The volume of delta flow has the biggest effect on estuarine salinity, although its timing exerts a smaller effect. The volume of delta flow, in turn, is largely determined by winter precipitation, because 55 percent of the annual precipitation typically falls in the months of January, February and March. If winter precipitation is high, increased runoff continues well into the summer and tends to dilute salinity in the estuary throughout the summer. Conversely, if winter precipitation is low, warm-season runoff tends to be low, and estuarine salinity in summer tends to be high.

This winter climate effect is modulated by a springtime one. The temperature and precipitation in spring together modify salinities in the estuary by affecting the timing and, to some extent, the volume of spring inflows. If spring is rainy, skies are cloudy and temperatures remain cool. Under these circumstances, the snow pack in the Sierra Nevada persists longer than usual, the peak river flow into the bay is delayed or prolonged into late spring or early summer, and the total runoff tends to be high. In contrast, if spring is dry, skies are clear and daytime temperatures are warm. The spring runoff doesn't last as long, and the total runoff tends to be low. For both reasons, dry springs result in the highest summer salinities, and wet springs result in the lowest summer salinities.
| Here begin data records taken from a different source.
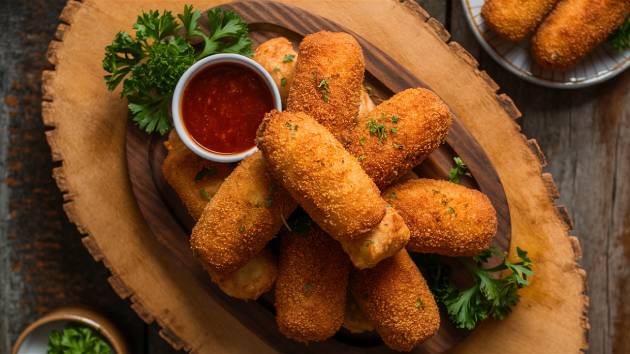 Coxinhas de frango fit assadas e douradas em um prato, acompanhadas de molho e salsinha fresca.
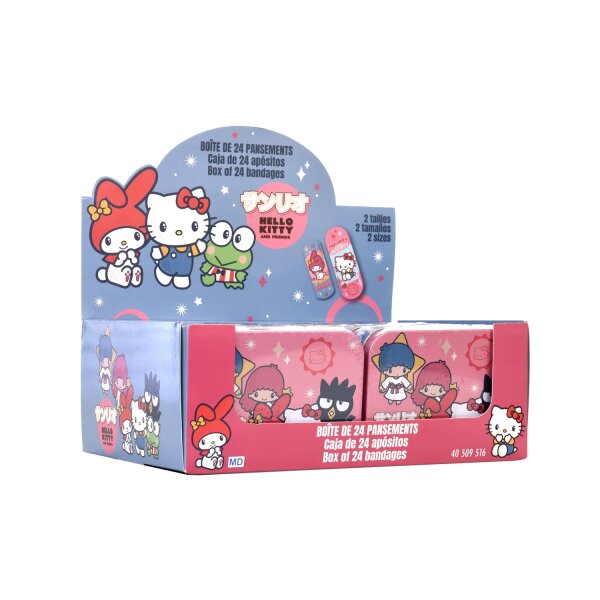 Pflaster in Metalldose - Hello Kitty & Friends - 2 Gr&ouml;ssen / 24 St&uuml;ck - Display - 12 St&uuml;ck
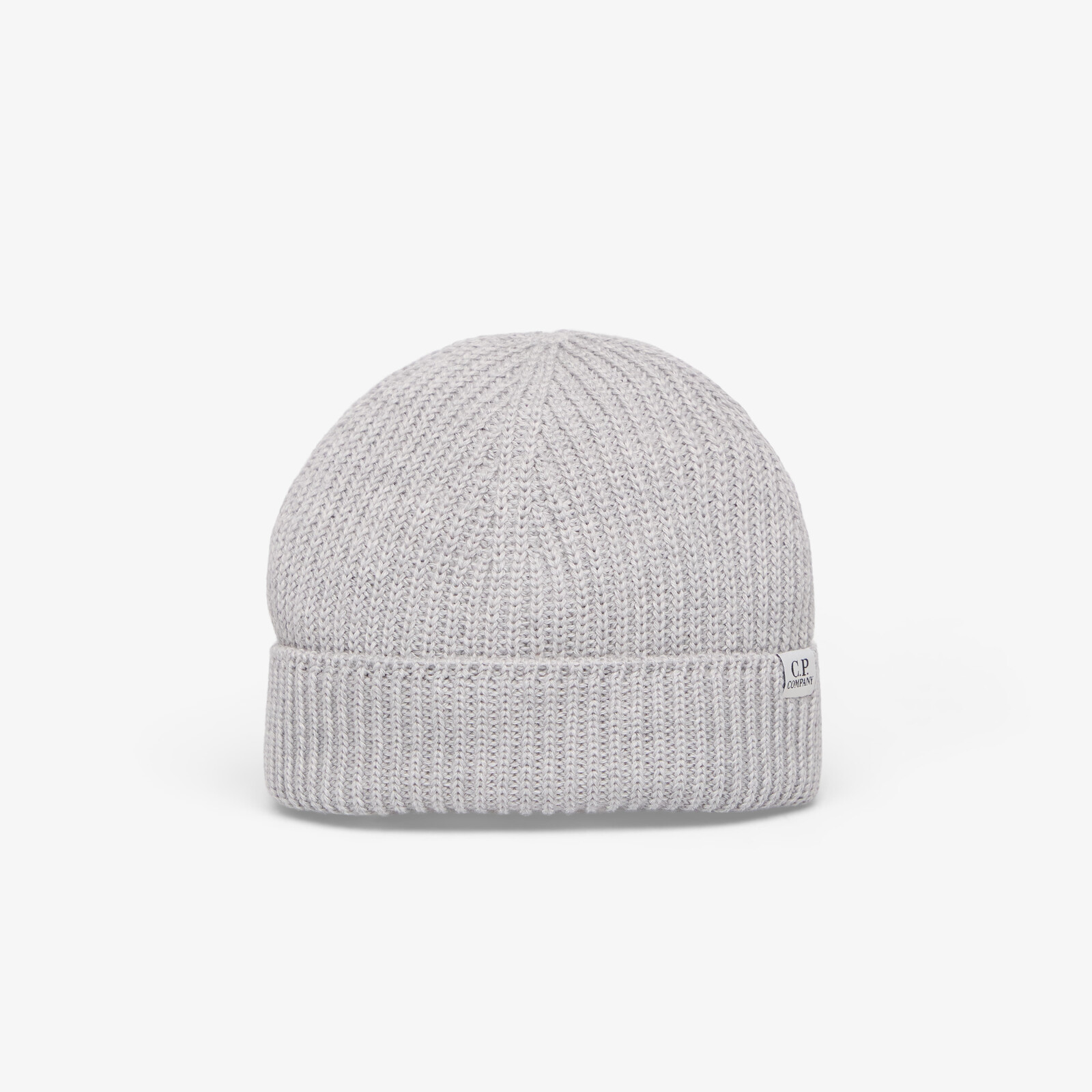C.P. Company Extrafine Merino Wool Fisherman Beanie Moon Melange Grey Universal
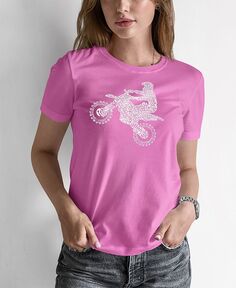 Женская футболка для мотокросса с надписью Word Art Freestyle LA Pop Art, розовый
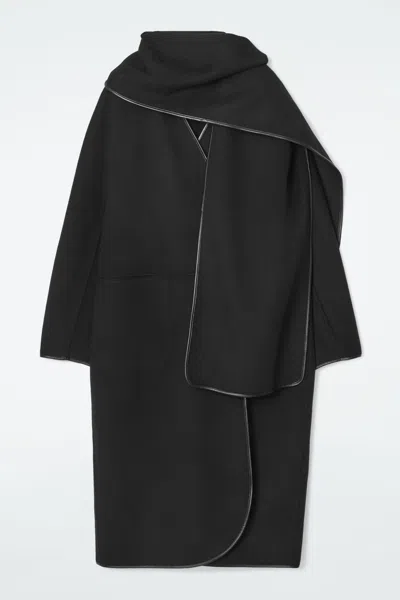 Cos Leather-trimmed Wool Scarf Coat In Black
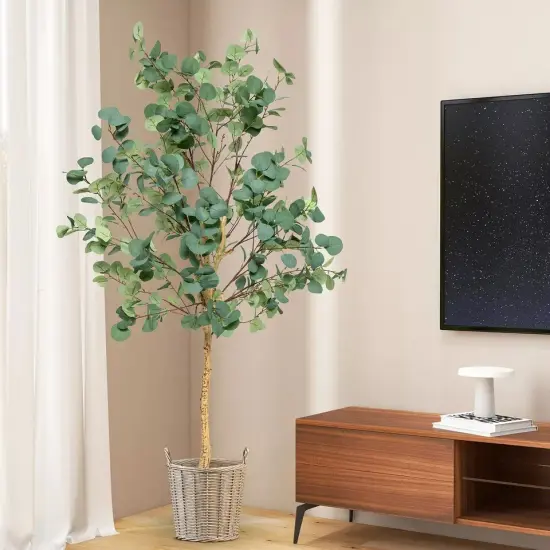 5.5' Artificial Tree Fake Eucalyptus Tree for Living Room Office Home Decor {2}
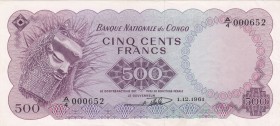 Congo Democratic Republic, 500 Francs, 1961, XF (+), p7 
Serial Number: A/4 000652
Estimate: 100-200 USD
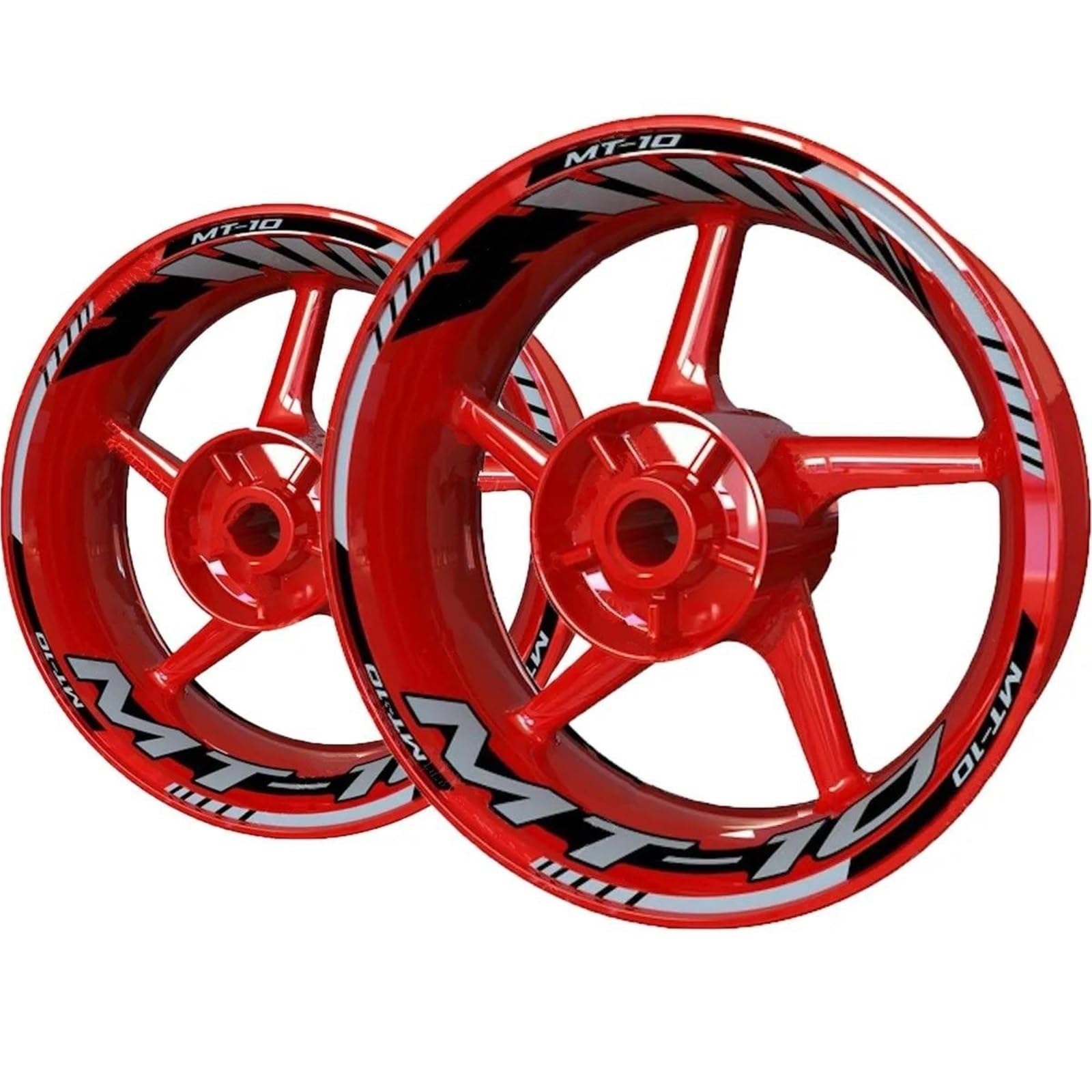 Felgen Aufkleber Reflektierende Felgenaufkleber Für Yamaha MT10, MT-10, MT 10, Nabenaufkleber, Felgenschutz-Set Motorrad Dekor Felgenaufkleber(Farbe 2)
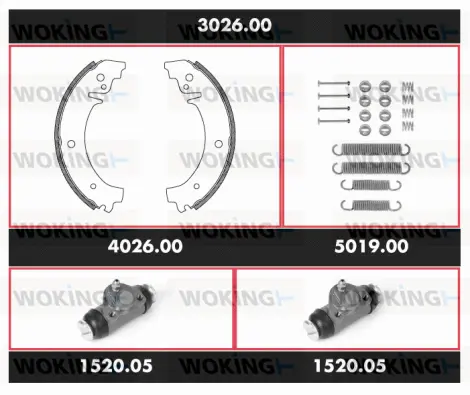 Brake Kit, drum brake (3026.00)
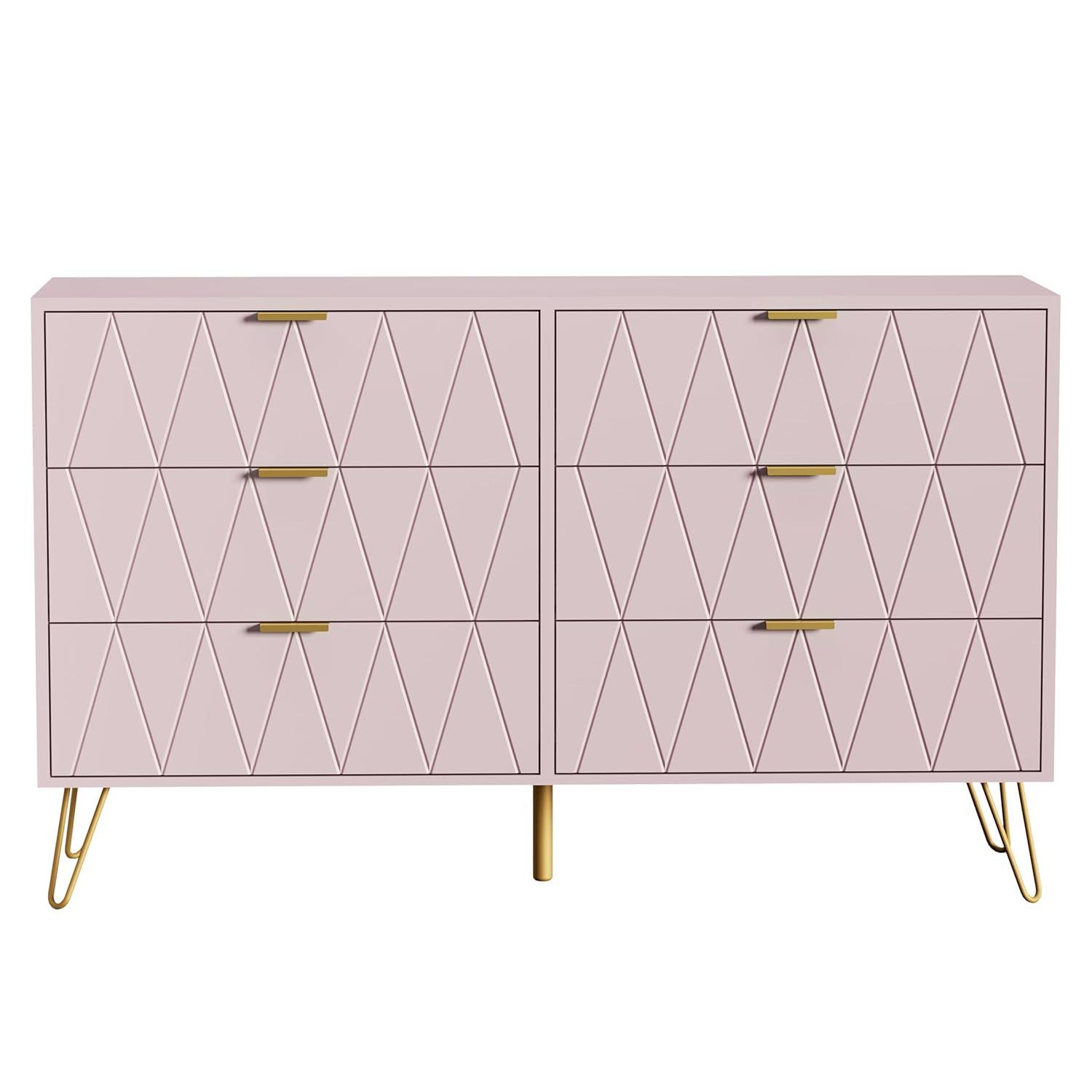 UEV 6 Drawer Dresser for Bedroom,Pink Dresser with Wide Drawers and Metal Handles,Modern Chest for Bedroom,Living Room,Entryway(Large Pink)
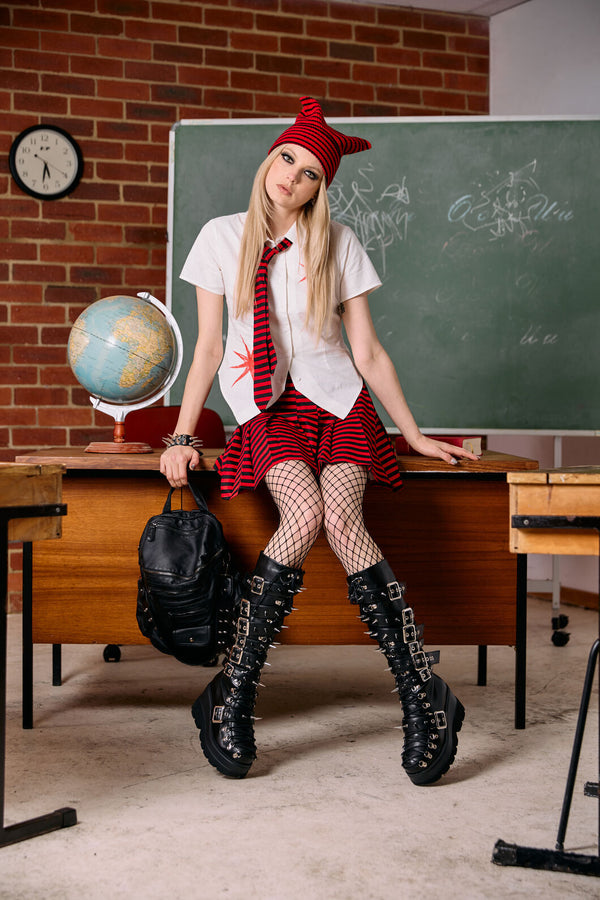 Black Friday - Trad Emo Tie Fitted Blouse - off-white
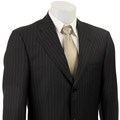 Haspel Men's Black Stripe Wool 2-button Suit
Springtime conditions in the coastal ocean also modulate the estuarine response to delta flow. The coastal effect is difficult to untangle from the others because it is quite small and because it responds to the same atmospheric forcing patterns as the delta flow. Typically, in response to southward winds, there is an upwelling of deeper, saltier seawater along the West Coast from March until fall. This period of intensifying upwelling coincides with the period of decreasing delta flow. When the saltier water is transported or mixed into the Bay, it tends to increase salinities there. Salinity data show, however, that high delta flow in the spring frequently masks the effects of coastal upwelling on estuarine salinity, even near the mouth of the estuary.

The biological effects of these geophysical events are very sensitive to the event's timing. Recently there has been a decline in the fraction of the delta flow arriving in the spring, and fisheries managers are concerned that lower flows and higher water temperatures may disturb spawning and larval transport or threaten the survival of fingerlings. Lower spring flows also alter the summer salt field, or salinity distribution, although comparatively little is known about the effect of the salt field on estuarine habitats. There is enough concern, however, that fisheries managers have proposed that specific positions for lines of constant salinity be adopted as a new water-chemistry standard against which the management of the bay is judged.

Figure 4aFigure 4b

Figure 4c

Figure 4. Large-scale weather patterns affect bay salinities by influencing winter precipitation, spring runoff and coastal upwelling. Winter and spring precipitation (a) have by far the strongest influence on bay salinities. A high-pressure system results in low precipitation (left), whereas a low-pressure system increases precipitation. Springtime weather (b) modulates the winter effect primarily by determining the timing of runoff. A warm, sunny spring produces earlier snowmelt, which depletes summer freshwater flow (left); a cool, cloudy spring delays snowmelt, prolonging high freshwater flow (right). A final variable (c) is the direction of offshore winds in spring. Equatorward winds produce coastal upwelling, which increases salinity. Although they do not always occur together, these three influences--a dry winter, a warm spring and winds favorable to upwelling--all act to increase bay salinities.